What's still unexplained

  • How much genuine pre-internet folklore underlies the name. The Ozarks clearly have older stories of large black animals and eerie howls, but how much of the specific Ozark Howler figure predates the late-1990s online push, versus being assembled from those pieces by the hoax, is not cleanly documented.
  • What people are actually seeing and hearing. Individual encounters are real experiences even when no cryptid is involved; sorting how many trace to elk, black bears, cougars, wolves, or feral dogs, and how many to suggestion, would take field data that does not exist for a legend.
  • How the hoax and the folklore feed each other now. Once a fabricated backstory circulates widely, it becomes part of the tradition it faked; the Howler is a live case of an internet-era invention hardening into regional lore.
  • Why the Ozarks in particular keep generating this figure. The region's isolation, its storytelling culture, and its tourism appetite for a signature monster all sustain the legend, and disentangling those drivers from any residual belief in a literal animal is genuinely open.

Point by point

The claim: A specific animal called the Ozark Howler has been reliably documented and photographed.

What the record shows: No verified specimen, remains, or authenticated photograph exists. The best-known photo set, aired by 40/29 News in December 2015, was dismissed as a hoax by the Arkansas Game and Fish Commission, which said it had received no matching sighting reports. Absence of a body is not proof of nonexistence, but for a bear-sized horned predator supposedly living near populated valleys, the complete lack of physical trace is telling.

The claim: The legend is ancient, going back to Daniel Boone and generations of Ozark settlers.

What the record shows: The Ozarks genuinely have old folklore of large black animals and eerie howls. But the specific Ozark Howler as a named, horned cryptid has no clear paper trail before its late-1990s internet spread, and the Daniel Boone story lacks any contemporaneous source. Investigators say the hoaxer deliberately built websites to make the legend look older than it was, which is exactly the kind of manufactured backstory that makes a new invention feel traditional.

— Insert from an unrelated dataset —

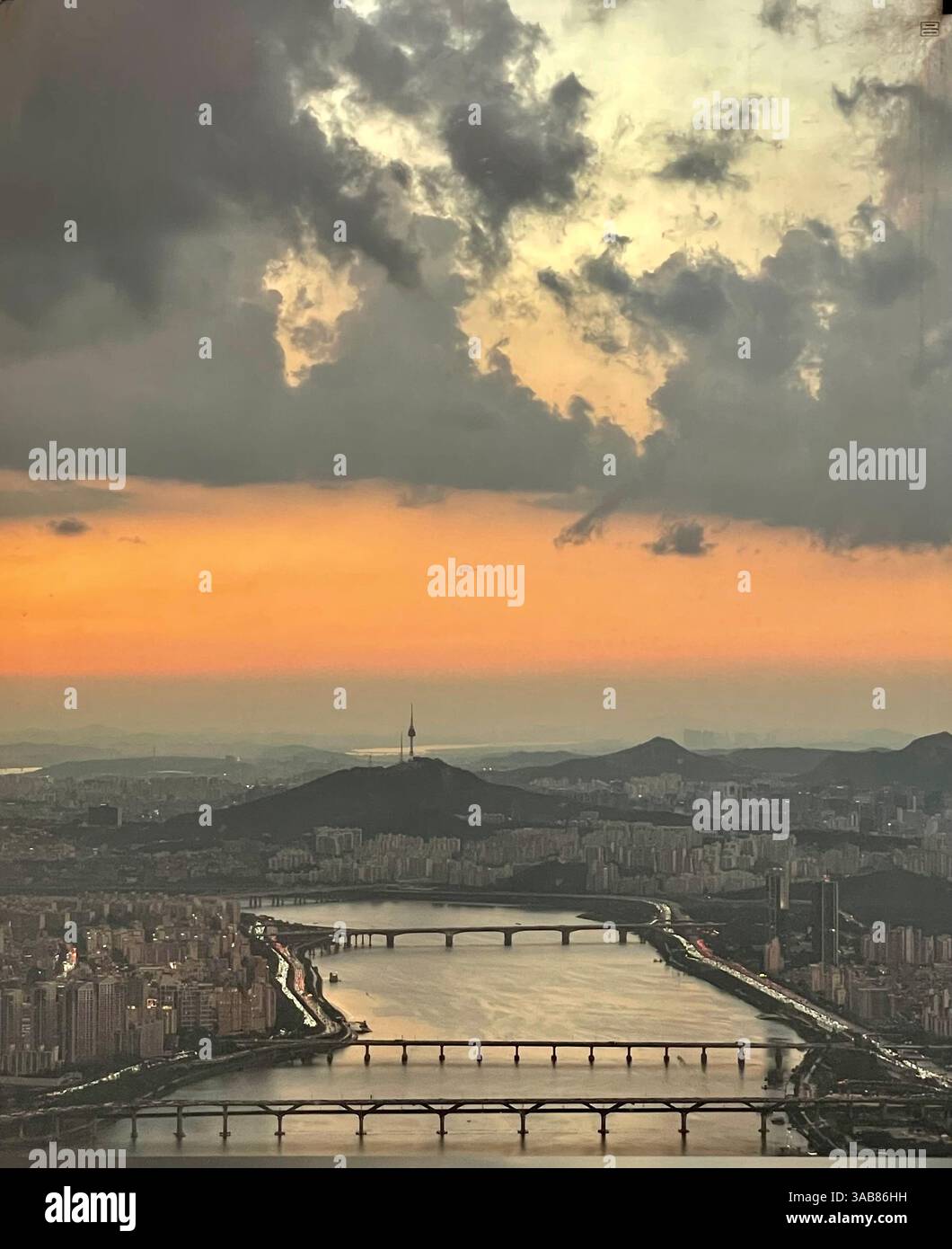 Wunderschöner Blick über die seelenreiche Stadt Seoul Stockfoto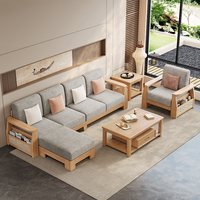 Elegantes L-förmiges Sofa-Set aus Samt mit Mid-Century Modern Design und Liegefunktion für Apartment-Wohnzimmer, mit Bücherregal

The claim: Reputable cryptozoologists traced the modern legend to a confessed hoaxer.

What the record shows: This is the strongest documented part of the story. In Cryptozoology: Science & Speculation (2004), Chad Arment recounts that he and other researchers received emails hyping the creature and traced them to a University of Arkansas student. Loren Coleman reports obtaining a confession describing the hoax, including the fake websites and the motivation, a bet that he could fool the cryptozoology community after mocking chupacabra hysteria.

The claim: The distinctive howl proves an unknown animal is out there.

What the record shows: The described cry, a blend of wolf howl, elk bugle, and hyena-like laugh, matches sounds real Ozark wildlife can make. Elk, reintroduced to parts of the Ozarks, bugle in ways many people find uncanny; coyotes, foxes, bobcats, and owls all produce startling night calls. An unfamiliar noise in dark woods is easily attributed to a monster, but it is weak evidence for a specific new species.

The claim: The horns make it unlike any known American predator, so it must be a new species.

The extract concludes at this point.